Arbogast était un meilleur général que Maxime ; il prit lui-même le commandement
de ses troupes dont la disposition en avait été, à l'origine, combinée par
Théodose et qu'il avait renforcées par des auxiliaires pris dans les tribus
germaines dont il avait opéré la soumission. Il concentra habilement toutes ses
troupes devant la place forte d'Aquilée où il attendit l'attaque de pied ferme ;
aussi une première journée fut incertaine, et devant cette résistance inattendue
quelque ébranlement se manifesta dans l'entourage de Théodose. Plusieurs
parlaient déjà de se replier pour laisser à des renforts le temps d'arriver,
mais Théodose, qui avait repris toute son énergie habituelle, sentit que dans
l'état incertain des esprits tout était perdu s'il semblait douter un instant de
la faveur du ciel. « La croix, dit-il, ne doit pas reculer, même un jour, devant
l'image d'un faux Dieu. On verra demain ce que fera le Dieu de Théodose. »

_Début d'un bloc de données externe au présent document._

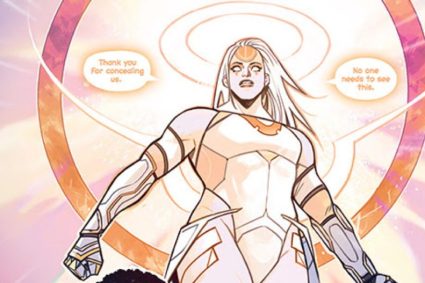 The Power Fantasy #1 by Gillen and Wijngaard goes back to print after sell-out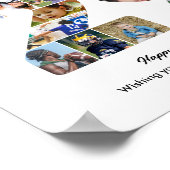 29. Geburtstagsfeier Nummer 29 Fotocollage Poster (Ecke)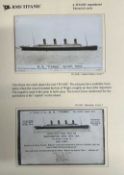 R.M.S. TITANIC: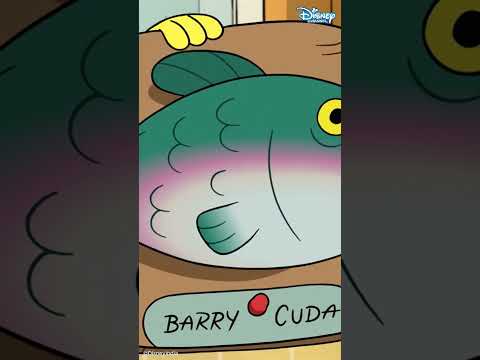 The Singing Fish! | Big City Greens | Shorts | @disneyindia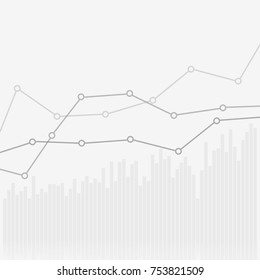 Infographics vector design template. Development concept. Flat vector illustration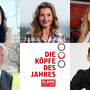 Die Top 5 in der Kategorie „Entertainment“: Jeannine Rossi, Daniela Kiefer, Katharina Schmitt, Gerhard Rußheim und Willly Pichay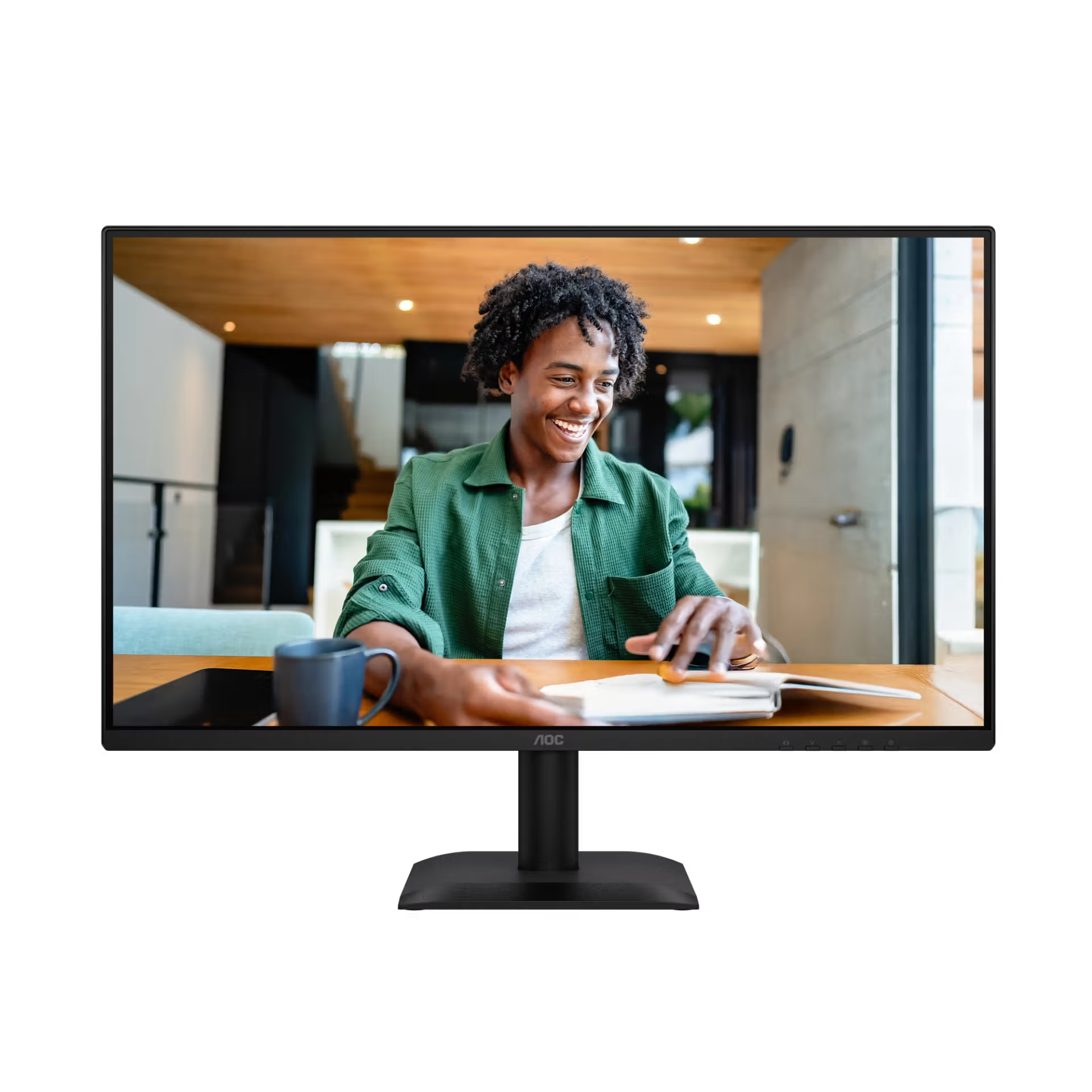 AOC 27E40L 27" 1920 x 1080p FHD 16:9 144Hz 0.5ms LED IPS Circular Polarized Monitor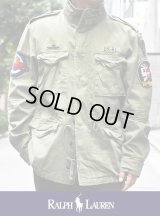 【POLO RALPH LAUREN】ポロ ラルフローレン M-65 Field jacket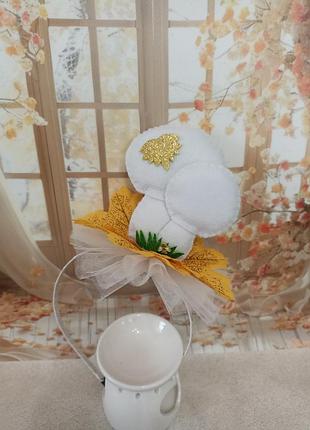 Обруч гриб шампиньон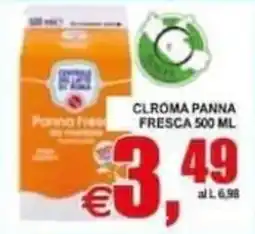 Pewex Clroma panna fresca offerta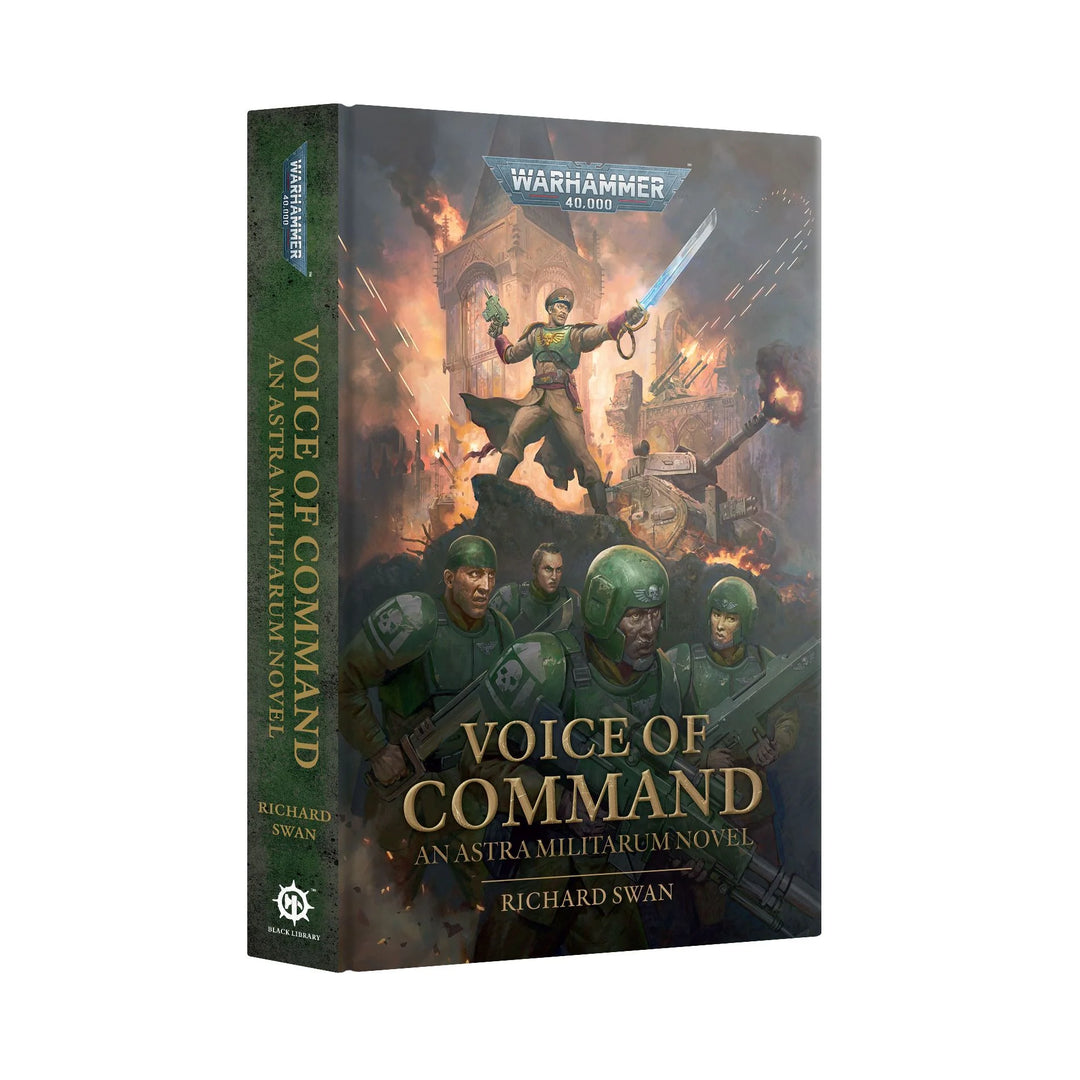 Black Library - Voice of Command (HB)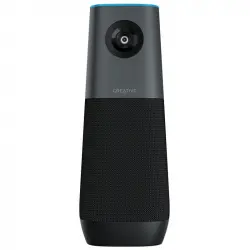 Creative Live! Meet 4K WebCam para Conferencias UltraHD 4K Negra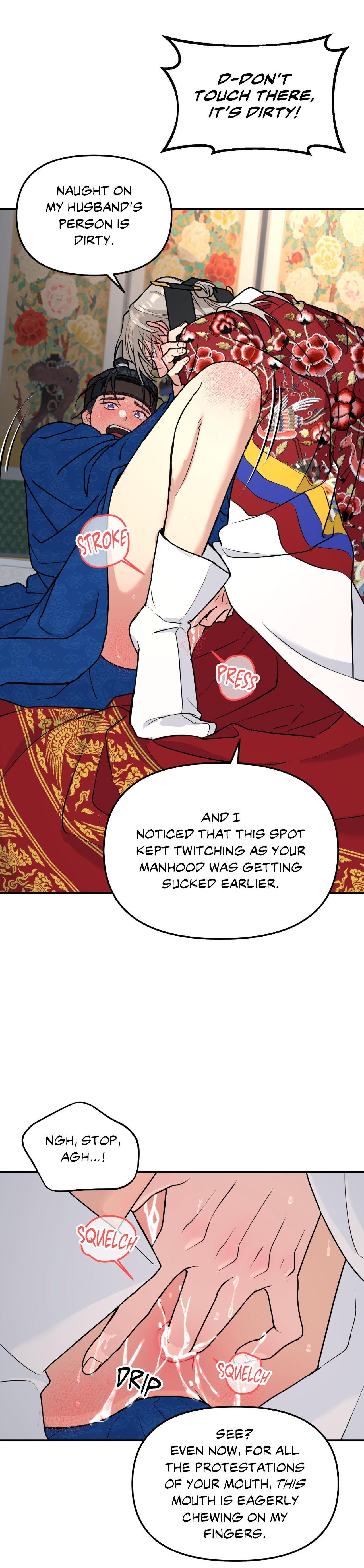 A Tree Without Roots Chapter 96.3 page 9 - 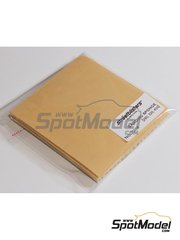 StreetBlisters: Sandpaper - Sanding sponge P280, P320 and P400 - 1+1+1 units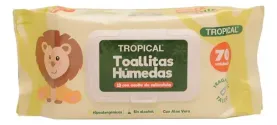 TOALLAS HUMEDAS TROPICAL...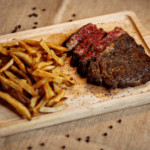 Steak dinner in Marion, IL.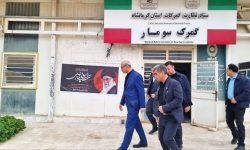  سومار؛ نزدیک‌ترین مرز زیارتی ایران به کربلا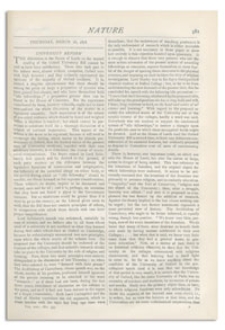 Nature : a Weekly Illustrated Journal of Science. Volume 13, 1876 March 16, [No. 333]
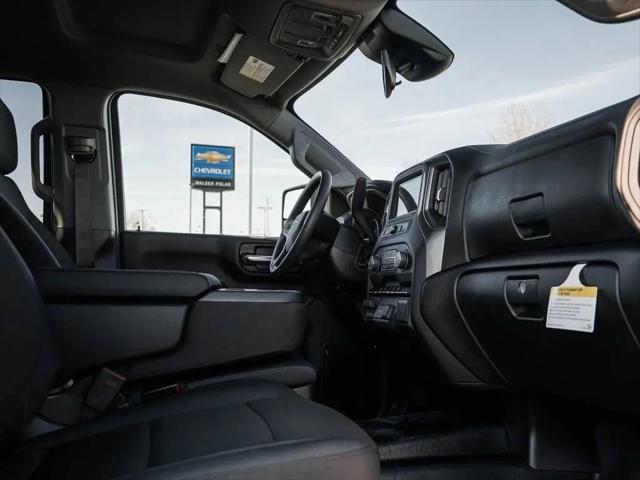 2026 Chevrolet Silverado 3500HD Crew Cab, Long Bed, WT Dual Rear Wheel, RWD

Effectivement, la bataille, reprise avec ardeur le jour suivant, fut décidée par
un incident inespéré. Ce fut une des cohortes barbares engagées par Arbogast qui
lâcha pied et passa d'un camp à l'autre, laissant sans défense un des passages
dont la garde lui était confiée. La chance tourna ainsi si subitement qu'Eugène,
qui attendait sous sa lente l'issue du combat, quand on vint le chercher,
croyait encore, que c'était pour lui amener Théodose captif. A peine remis de sa
surprise, on le conduisit tout étourdi aux pieds du vainqueur. Au moment où il
fléchissait le genou pour demander grâce, un soldat le frappa d'un coup de sabre
à la nuque et le décapita.
Du champ de bataille même et à peine rentré sous sa lente, Théodose voulut
donner avis à Ambroise de leur victoire commune, lui demander d'en remercier
Dieu avec lui et prendre son conseil sur l'usage qu'il en devrait faire. Il ne
savait trop où adresser sa lettre, le saint évêque n'ayant fixé sa retraite
nulle part, mais ayant continué à travers la haute Italie sa tournée triomphale
pour animer la résistance et échauffer les esprits. La missive le trouva
pourtant de retour à Milan où il avait voulu rentrer avant même de connaître
l'issue de la lutte, pour être prêt à tout événement. La réponse d'Ambroise fut
toute pleine de l'effusion d'une joie à la fois chrétienne et patriotique. C'est
Rome et l'Église tout ensemble qu'il voit délivrées du joug d'un païen appuyé
sur des barbares. « Vous me croyiez parti, dit-il, j'avais plus de confiance
dans votre courage et dans votre génie. Je ne doutais pas que le secours céleste
répondît à votre piété et vous aidât à délivrer l'Empire romain des mains d'un
brigand barbare.... Vous voulez donc que je remercie Dieu de votre victoire; je
le ferai de grand cœur. D'autres demanderaient des arcs de triomphe, vous voulez
des sacrifices et des actions de grâces offertes à Dieu par ses prêtres....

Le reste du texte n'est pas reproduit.